3. Does the team and client know what to expect in terms of the deployment process?
What does a deployment actually entail? Do you have a set of release notes for your client? Is there any downtime expected? Do you need a content freeze before pushing code live? These are all important considerations and something everyone involved should be able to answer — client included.
Having a checklist or a simple process outlined can both ensure everyone is on the same page as to what is happening and also a simple reminder for those doing the deployment. Take the time, plan ahead.
4. Have we automated everything we can?
With the modern era, most people are using some form of continuous integration to manage their deployments across multiple environments. This has some obvious benefits: reduce the user error, reduce the regressions with tests, ensure a solid build before being pushed live, so on and so forth.
Internally we use Jenkins and Git webhooks on branches to push code across many environments; local development, development, user acceptance testing (UAT), and production. This allows us to reduce user error, and closely manage what each environment has, as well as monitor what is being pushed to production.
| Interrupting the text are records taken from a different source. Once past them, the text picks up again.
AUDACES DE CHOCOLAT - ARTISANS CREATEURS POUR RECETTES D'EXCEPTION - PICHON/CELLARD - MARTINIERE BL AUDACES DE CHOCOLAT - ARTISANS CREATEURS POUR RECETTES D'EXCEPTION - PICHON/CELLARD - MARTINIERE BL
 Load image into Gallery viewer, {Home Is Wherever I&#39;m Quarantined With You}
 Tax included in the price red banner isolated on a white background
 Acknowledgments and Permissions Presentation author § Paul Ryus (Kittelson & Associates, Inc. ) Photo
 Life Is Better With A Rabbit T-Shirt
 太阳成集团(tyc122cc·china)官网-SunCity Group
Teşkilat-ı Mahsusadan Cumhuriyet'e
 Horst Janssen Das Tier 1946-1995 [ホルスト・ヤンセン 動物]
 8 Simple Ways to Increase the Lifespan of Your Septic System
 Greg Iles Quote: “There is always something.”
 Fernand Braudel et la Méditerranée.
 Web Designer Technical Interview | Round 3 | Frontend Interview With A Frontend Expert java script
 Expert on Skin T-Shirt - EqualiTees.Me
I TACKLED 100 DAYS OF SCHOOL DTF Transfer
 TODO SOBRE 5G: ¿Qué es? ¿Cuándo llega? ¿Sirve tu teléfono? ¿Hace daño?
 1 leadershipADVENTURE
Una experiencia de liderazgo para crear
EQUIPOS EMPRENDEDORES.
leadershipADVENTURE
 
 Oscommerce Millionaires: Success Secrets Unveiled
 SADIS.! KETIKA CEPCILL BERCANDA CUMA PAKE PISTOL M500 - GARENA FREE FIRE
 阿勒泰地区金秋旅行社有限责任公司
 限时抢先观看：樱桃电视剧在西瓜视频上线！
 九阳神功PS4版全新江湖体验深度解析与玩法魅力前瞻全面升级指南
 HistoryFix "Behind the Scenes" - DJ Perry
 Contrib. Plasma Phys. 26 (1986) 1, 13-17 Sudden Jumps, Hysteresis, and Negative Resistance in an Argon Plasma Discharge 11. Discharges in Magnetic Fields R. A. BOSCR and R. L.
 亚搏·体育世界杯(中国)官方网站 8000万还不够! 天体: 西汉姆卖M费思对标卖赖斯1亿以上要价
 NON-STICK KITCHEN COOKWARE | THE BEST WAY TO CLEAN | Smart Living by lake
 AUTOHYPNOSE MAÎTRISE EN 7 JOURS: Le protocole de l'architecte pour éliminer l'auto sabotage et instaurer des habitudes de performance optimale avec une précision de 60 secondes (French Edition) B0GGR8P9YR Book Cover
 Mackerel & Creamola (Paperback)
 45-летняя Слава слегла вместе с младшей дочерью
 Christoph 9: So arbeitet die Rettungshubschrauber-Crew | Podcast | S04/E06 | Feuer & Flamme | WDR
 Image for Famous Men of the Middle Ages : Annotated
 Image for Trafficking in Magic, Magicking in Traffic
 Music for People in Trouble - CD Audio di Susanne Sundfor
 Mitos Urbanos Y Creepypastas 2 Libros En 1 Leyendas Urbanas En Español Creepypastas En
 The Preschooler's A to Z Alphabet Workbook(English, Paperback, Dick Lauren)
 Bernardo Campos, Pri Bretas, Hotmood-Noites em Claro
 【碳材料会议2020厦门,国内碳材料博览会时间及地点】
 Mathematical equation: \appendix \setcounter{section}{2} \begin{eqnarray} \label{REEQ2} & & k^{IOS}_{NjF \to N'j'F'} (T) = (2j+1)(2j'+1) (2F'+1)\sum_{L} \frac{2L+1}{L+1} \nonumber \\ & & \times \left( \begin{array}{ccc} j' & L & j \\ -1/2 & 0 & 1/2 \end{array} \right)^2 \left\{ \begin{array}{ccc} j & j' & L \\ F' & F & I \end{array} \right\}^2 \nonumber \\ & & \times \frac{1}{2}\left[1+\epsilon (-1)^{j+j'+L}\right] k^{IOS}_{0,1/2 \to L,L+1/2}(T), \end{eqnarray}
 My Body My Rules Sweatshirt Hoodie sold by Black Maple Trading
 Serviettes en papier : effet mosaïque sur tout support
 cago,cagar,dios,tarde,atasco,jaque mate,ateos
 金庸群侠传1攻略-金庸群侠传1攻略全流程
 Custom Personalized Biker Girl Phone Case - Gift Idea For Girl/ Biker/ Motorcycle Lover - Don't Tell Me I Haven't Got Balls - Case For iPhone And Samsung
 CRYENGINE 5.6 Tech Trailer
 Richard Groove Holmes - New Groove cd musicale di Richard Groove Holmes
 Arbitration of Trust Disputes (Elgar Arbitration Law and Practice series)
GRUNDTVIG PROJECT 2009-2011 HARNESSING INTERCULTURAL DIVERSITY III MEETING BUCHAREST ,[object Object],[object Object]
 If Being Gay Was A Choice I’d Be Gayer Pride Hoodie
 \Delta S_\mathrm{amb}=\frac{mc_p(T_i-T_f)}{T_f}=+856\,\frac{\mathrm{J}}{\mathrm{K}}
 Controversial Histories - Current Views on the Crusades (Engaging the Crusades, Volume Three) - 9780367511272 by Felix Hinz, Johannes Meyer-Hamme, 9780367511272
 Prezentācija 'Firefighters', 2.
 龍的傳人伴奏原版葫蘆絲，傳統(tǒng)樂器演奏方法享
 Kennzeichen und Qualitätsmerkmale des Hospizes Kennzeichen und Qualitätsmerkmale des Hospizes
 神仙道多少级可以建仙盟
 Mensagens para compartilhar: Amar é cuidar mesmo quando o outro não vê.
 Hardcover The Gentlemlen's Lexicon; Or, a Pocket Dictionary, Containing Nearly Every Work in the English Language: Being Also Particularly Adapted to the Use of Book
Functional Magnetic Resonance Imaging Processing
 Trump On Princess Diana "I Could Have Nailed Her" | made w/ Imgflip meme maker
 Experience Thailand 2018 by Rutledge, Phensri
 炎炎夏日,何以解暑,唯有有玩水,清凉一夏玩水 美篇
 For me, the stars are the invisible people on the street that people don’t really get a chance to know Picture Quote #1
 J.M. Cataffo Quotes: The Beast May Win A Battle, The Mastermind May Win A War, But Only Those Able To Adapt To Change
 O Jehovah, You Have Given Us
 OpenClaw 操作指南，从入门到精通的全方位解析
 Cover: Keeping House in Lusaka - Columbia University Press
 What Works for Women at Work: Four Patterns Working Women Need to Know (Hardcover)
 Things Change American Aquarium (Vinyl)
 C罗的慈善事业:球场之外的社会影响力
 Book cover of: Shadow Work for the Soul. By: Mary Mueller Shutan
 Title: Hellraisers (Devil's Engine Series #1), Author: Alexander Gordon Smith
However, with the use of content management systems for large organizations, a lot of configuration is stored at the database level (looking at you, Drupal 7), and some form of manual button pressing, changing, or manual testing is still required in a lot of cases. For the initial production push it’s easy to just clone the UAT environment, and we can (for the most part) know that the environment will work the same. On subsequent pushes it’s not as easy to do so without overriding actual content changes. In these scenarios, it’s important to document the changes required and also the changes that will break everything. However, wherever you are able, try to automate as much as possible!
5. How can I best support the team?
Sometimes, no matter how we prep, things still do go wrong. So lastly, and simply: support your team.
As a project manager, you need to be the face to the client when things go wrong. It’s never a nice place to be when the sky is falling and you are always the scapegoat; but even so, when the team is heads-down debugging, try to limit the interruptions as much as possible. If you are reporting a new bug to them every 5 minutes, it becomes hectic knowing what the developers should focus on, or if priorities are shifting. Work with the client or product owner to prioritize the issues happening and then bring that to the developers.
As another team member that’s not directly involved, know that moral support can go a long way. Take on smaller tasks originally assigned to the team where possible: brew another pot of coffee, listen to the ranting. Whatever you can do to without causing distractions or interruptions is the ideal when a deployment has gone wrong. Heck, if you’re able to jump on some of the problems without taking the team’s time away to set-up, go for it!
Allinall, sometimes even if you’ve done all the prep you can, we inevitably are just in for a long night.